_THE PROBLEM_
For the material below, output exactly the span from the line with "机库里的小型直升机背景图片" to the line with "El presidente regional, Miguel", including both, and nothing besides.

_RECORDS FOR THE TASK_
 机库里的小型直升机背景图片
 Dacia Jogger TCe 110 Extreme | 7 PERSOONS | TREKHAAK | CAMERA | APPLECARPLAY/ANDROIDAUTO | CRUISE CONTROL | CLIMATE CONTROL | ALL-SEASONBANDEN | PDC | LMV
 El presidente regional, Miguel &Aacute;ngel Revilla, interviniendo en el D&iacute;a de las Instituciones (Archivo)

* * *

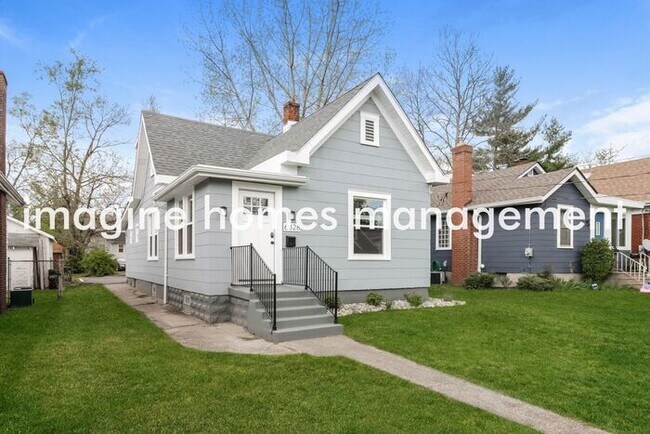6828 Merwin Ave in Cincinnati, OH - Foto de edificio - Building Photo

_REPLY_
 机库里的小型直升机背景图片
 Dacia Jogger TCe 110 Extreme | 7 PERSOONS | TREKHAAK | CAMERA | APPLECARPLAY/ANDROIDAUTO | CRUISE CONTROL | CLIMATE CONTROL | ALL-SEASONBANDEN | PDC | LMV
 El presidente regional, Miguel &Aacute;ngel Revilla, interviniendo en el D&iacute;a de las Instituciones (Archivo)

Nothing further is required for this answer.